Si je vous dis: politicien très connu et très populaire, fils d'un personnage public marquant, jet-setter à ses heures, belle gueule et photogénique, capable de ramener les militants vers son parti, mais qui a tendance à parler trop vite, à se mettre le pied dans la bouche et qui doit souvent reculer après avoir créé la controverse, vous pensez à qui?

Justin Trudeau? Oui, c'est l'image que traîne le chef du Parti libéral du Canada, mais il a maintenant de la concurrence à Québec, en la personne de Pierre Karl Péladeau, député de Saint-Jérôme et candidat présumé dans la course à la direction du PQ.

M. Péladeau, comme M. Trudeau, brille plus, pour le moment, pour le contenant que pour le contenu. Les deux semblent doués pour lancer des idées ou des déclarations, qu'ils doivent par la suite préciser, corriger et parfois même carrément renier.

Une nuance, toutefois: Justin Trudeau semble parfois hésiter, improviser, avancer à tâtons sur les terrains minés. Pierre Karl Péladeau, lui, s'y lance avec impétuosité et volontarisme.

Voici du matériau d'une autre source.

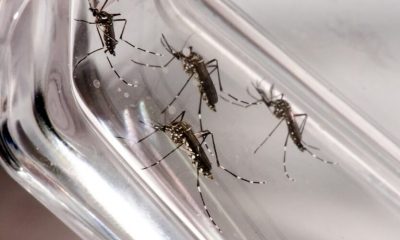 Jundiaí registra primeira morte por dengue em 2019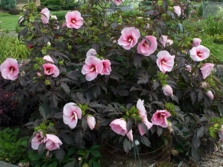  Hibiscus bush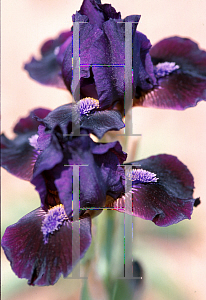 Picture of Iris  'Dark Vader'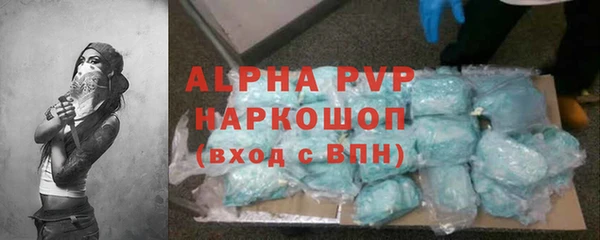 гашик Алексин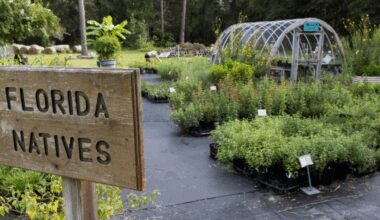 Florida-Friendly landscape professionals are good for the environment, your wallet | The Apopka Voice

Il dit ce qu'il pense, sans filtre, ce qui rend les reculs et les ajustements rétroactifs pénibles, douloureux et nécessairement opportunistes.

Prenez sa déclaration sur la pertinence du Bloc. Comment peut-on passer, vendredi, de «le Bloc ne sert strictement à rien, sauf à justifier le fédéralisme», à, mardi, «le Bloc est toujours pertinent à Ottawa» ?

M. Péladeau poursuit sa marche arrière en disant que «nous avons le droit de nous interroger [sur la pertinence du Bloc]». Donc, on peut s'interroger, mais on doit le faire en silence, éviter les débats sur la place publique, rassurer la famille en taisant les problèmes de l'un de ses membres. Surtout, ne pas parler de l'éléphant dans la pièce...

Ceci, à mon humble avis, ne correspond pas à la définition de leadership. S'il y a une chose que PKP peut apporter au PQ, un parti qui a besoin d'un électrochoc, c'est son franc-parler, sa fougue, sa détermination. Cela fait des années que l'avenir et la raison d'être du Bloc sont au centre d'un grand tabou au sein du mouvement souverainiste. Le malaise était déjà évident après la dégelée de mai 2011, il est devenu carrément intenable après l'élection de Mario Beaulieu à la tête du Bloc. N'est-il pas ironique que le Bloc, absent de l'actualité depuis des mois, y revienne ces jours-ci uniquement parce qu'on remet son existence en question?

Selon le plus récent sondage Crop-La Presse, le Bloc stagne à 14% dans les intentions de vote. Il y a pire: 31% des électeurs péquistes et 61% des électeurs de Québec solidaire disent vouloir voter pour le NPD au fédéral. L'idée, reprise par plusieurs députés du PQ hier, selon laquelle un souverainiste vote nécessairement Bloc à Ottawa ne tient tout simplement plus la route.

Les interrogations de Pierre Karl Péladeau à propos du Bloc étaient parfaitement légitimes. Le problème, c'est que cette réflexion, comme quelques autres récentes, semble sortie de nulle part. Comme son ouverture au privé en santé, comme sa décision de ne plus parler aux journalistes, comme ses sorties intempestives sur Facebook. M. Péladeau est en train de nous habituer à des sorties à l'emporte-pièce, comme le disait si joliment René Lecavalier.

Ce n'est pas compliqué: PKP a besoin d'un plan (et d'un conseiller fort, s'il est capable d'écouter, ce qui n'est pas acquis...). Il semble décidé à devenir chef du PQ et, éventuellement, premier ministre du Québec. Il doit maintenant expliquer pourquoi, pour quoi faire, dans quel but et avec quelles priorités. La notoriété, la popularité, le jet-set, la belle gueule, le patronyme, ça ne suffit pas. Surtout pas au PQ, un parti exigeant envers ses chefs.

Trêve de flirt et de préliminaires sur les réseaux sociaux. Mettez vos idées en place et plongez, M. Péladeau.

PKP devra toutefois réaliser que ce ne sera pas nécessairement une promenade. Qui dit course dit adversaires et il n'y a pas pires adversaires en politique que ceux de notre propre famille.

PKP peut bien accuser les journalistes de le «harceler», il devrait plutôt se préoccuper de ses collègues qui alimentent ces journalistes. Ça, c'est plus dangereux qu'un appel sur son téléphone privé.